Canada sources goods from strategic partners worldwide, creating opportunities for international suppliers:
Country | Import Value ($ billions) | Percentage of Total Imports | Products |
United States | $ 317 | 49 % | Machinery, vehicles, mineral fuels and plastic |
China | $ 63 | 10 % | Machinery, electronics, plastics, toys and textiles |
Mexico | $ 36 | 6 % | vehicles, machinery, pharmaceuticals and medical devices |
Germany | $ 19 | 3 % | Vehicles, machinery, pharmaceuticals and medical devices |
Japan | $ 15 | 2.5 % | Vehicles, machinery, electronic equipment and optical/medical instruments |
The Trade Balance Reality: Where Opportunities Hide
Here’s where it gets interesting for your business strategy. Canada’s trade balance varies dramatically by partner, revealing both challenges and opportunities.
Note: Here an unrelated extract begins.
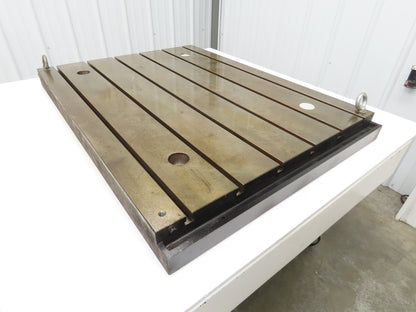 Milling Machine Work Table Top T Slotted Top 39x30" Base 3" Thick Weld Jig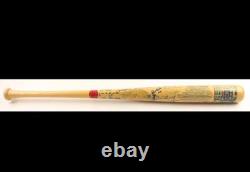 Yankees Stadium Baseball Bat Signed By (40) With Yogi Berra, Jackson, Ford, Etc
Country | Trade Surplus | Growth from 2023 | Opportunity Level |
United States | $160.6 billion | +27.4% | Massive, stable |
United Kingdom | $13.7 billion | +290.8% | Explosive growth |
Hong Kong | $2.5 billion | – | Gateway potential |
Netherlands | $1.8 billion | – | European access |
UAE | $1.3 billion | +38.8% | Middle East hub |
Notice that 290.8% growth with the UK? That’s not a typo—that’s an opportunity explosion waiting for the right business to capitalize on it.
Canada’s Trade Deficit Partners (2024)
Understanding where Canada runs deficits reveals import opportunities:
Country | Trade Deficit | Primary Import Categories | Your Opportunity |
China | -$42.3 billion | Machinery, electronics, textiles | Can you compete on quality/speed? |
Mexico | -$28.0 billion | Vehicles, machinery | USMCA advantages available |
Germany | -$12.2 billion | Vehicles, pharmaceuticals | Premium market entry |
Vietnam | -$9.9 billion | Manufacturing goods | Cost competition |
South Korea | -$6.7 billion | Automotive, electronics | Tech integration |
Strategic Questions for your Business
Understanding these trading relationships is just the beginning. The real question is: How will you leverage this information to grow your business?
Consider These Strategic Questions:
- Which of Canada’s top trading partners align with your business goals?
- Are there underserved markets where you could establish a strong position?
- How can you tap into the massive U.S.-Canada trade corridor?
- What opportunities exist in Canada’s growing relationships with Asian markets?